Laurent Binet, HHhH

Par Edgar @edgarpoe

Encore ?! Après les Bienveillantes encore un livre sur le nazisme et sur un bourreau (Reynardt Heydrich cette fois-ci) ?

Oui et non. Oui parce qu'il s'agit encore d'un livre sur la seconde guerre mondiale, donc encore d'un ouvrage qui cherche à "comprendre"  ce trou noir de la pensée.

Non parce que le livre aurait dû s'appeler autrement, avec un titre centré sur non sur Heydrich mais sur les résistants qui l'ont abattu. Non également car ici absolument nulle trace de complaisance ou d'ambiguité : aucune sympathie pour Heydrich dans cet ouvrage.

C'est donc un roman sur l'assassinat de Heydrich. Avec une qualité particluière : c'est un roman historique qui se refuserait à être un roman. Binet, qui a vécu à Prague et s'est senti en devoir de raconter l'histoire de  Gabcik et Kubis, les résistants qui ont abattu le protecteur du Reich en Bohême-Moravie.

Il veille scrupuleusement à l'exactitude des détails. Pourquoi alors ne pas appeler ce livre un récit historique ? Parce que Binet s'est introduit comme personnage. Un peu comme Gotlib utilise, dans ses BD, des coccinelles qui viennent commenter le texte, en une mise en abyme humoristique ; Binet se campe en écrivain qui doute, se documente, peine avec ses héros. A l'heure où disparaissent les derniers témoins de l'époque, susceptibles de rectifier un récit historique erroné, il est important de mettre en scène une exigence, un impératif d'exactitude.

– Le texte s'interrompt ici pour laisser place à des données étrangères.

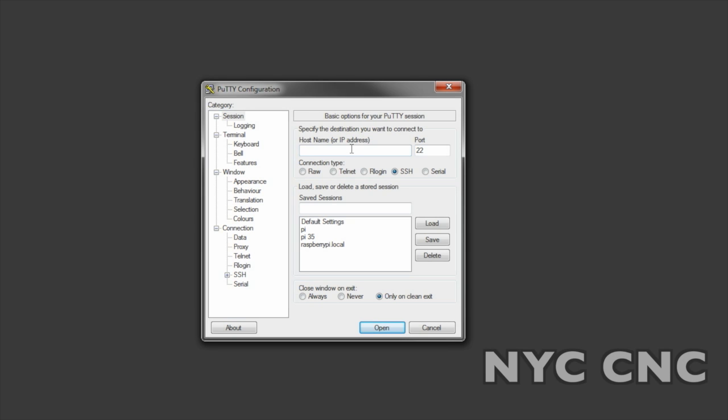Hi folks, welcome to another episode of NYC CNC. Today I wanted to spend a few minutes walking through the Python code for the Judd Treat Machine.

Le résultat final est un bon livre, solide, où l'on apprend ou se rémémore nombre de faits importants. Par exemple j'avais oublié le rôle prééminent de Bousquet dans la collaboration. Binet : "Je ressens une très grande répulsion et un très profond mépris pour quelqu'un comme Bousquet, mais quand je pense à la bêtise de son assassin, à l'immensité de la perte que son geste représente  pour les historiens, aux révélations qui n'auraient pas manqué lors du procès et dont il nous a irrémédiablement privés, je me sens submergé de haine. Il n'a pas tué d'innocent, c'est vrai, mais c'est un fossoyeur de la vérité. Et tout ça pour passer trois minutes à la télé ! Monstrueuse, stupide excroissance warholienne !".

Tout parallèle avec l'exécution de B. Laden par les USA serait, comme on dit, way off base...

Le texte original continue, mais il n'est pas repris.